PP: It was a group (effort). The Bush Tetras was a total democracy. We had several rehearsal spaces. For a while, we had a place we could go in from midnight to 3:00 AM with no place to pee and no heat. You know, it was great. (Laughs)

PSF: The good old days!

PP: But then we got a rehearsal space on First and First, which at that time was pretty grizzly. And actually, Cynthia was living there. It was a store front with a riot gate. We would just be in there all day long jamming. So it was really... the songs came out of like endless jams. Fueled by probably, you know, a lot of pot and beer.

PSF: And by then you had kind of, had started developing you guitar style.

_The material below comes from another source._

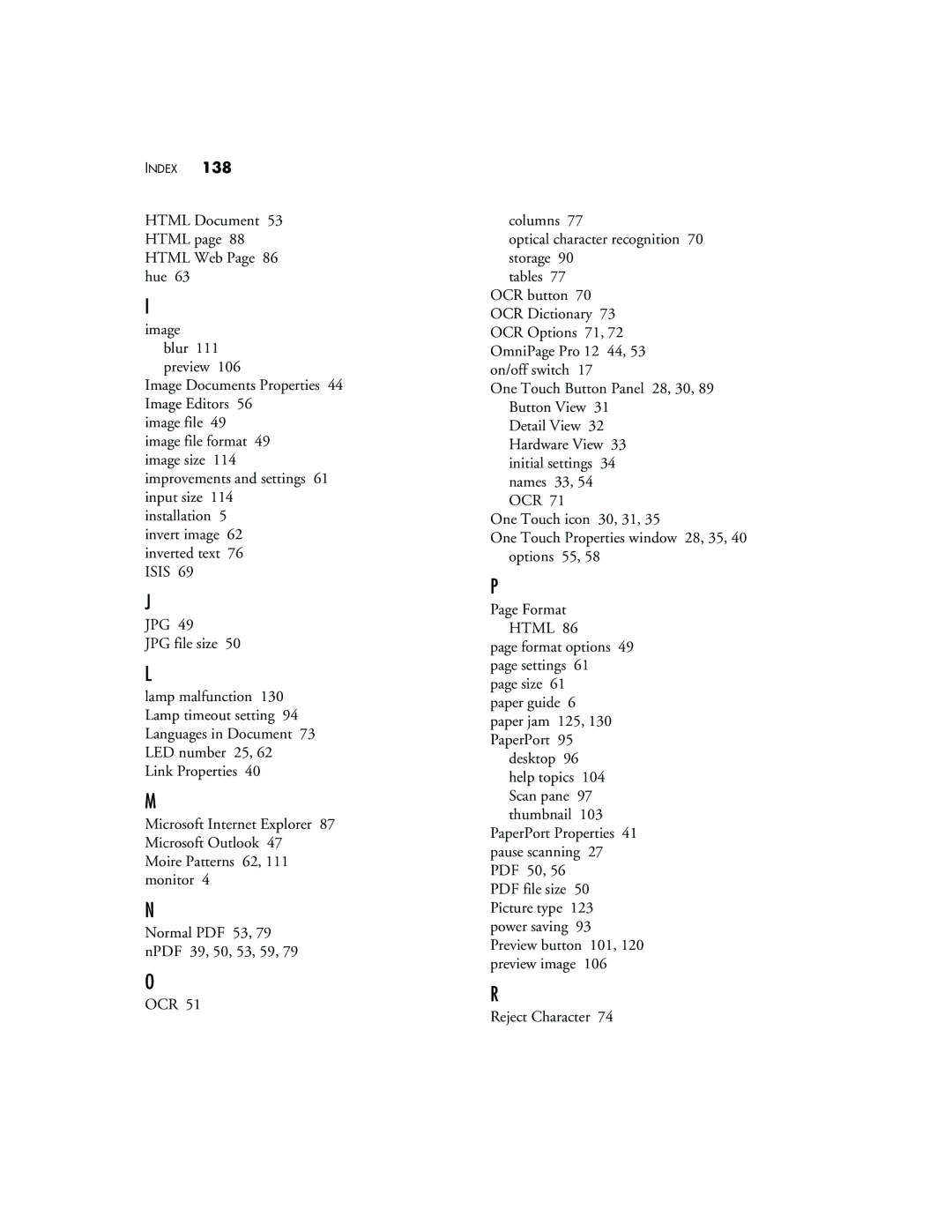 Visioneer XP 470 manual Index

PP: Style... So to speak. It's funny, with James, at that point, I had really only played slide, so I really didn't know. I don't think I could really... I knew what a bar chord was, but I didn't really use them. I was just making stuff up. I also know I learned a little bit from watching Jody, and I understood about the ninth chord. The funk chord. And I understood about James Brown and the one note sort of rhythms- I preferred that than, like, bar chords or three chord sort of songs. I was kind of into the funk stuff from James [Chance] and James Brown, and we were listening to all kinds of stuff like Bohannon... That sort of rhythmic stuff.

PSF:Tribal?

PP: Yeah. I used to be so insulted when people called us a punk band. "We're not a punk band!" I mean, we were some punk version of funk and we were trying to write like funk or soul songs and they came out... you know, because we didn't know what we were doing. And they actually then got labelled as dance or whatever. Dance Funk or whatever. But I think we were trying to have some sort of funkiness, and I was trying to make up chords that sounded interesting and not, you know, the straight forward.

...then I really didn't know what I was doing at all. Like, seriously.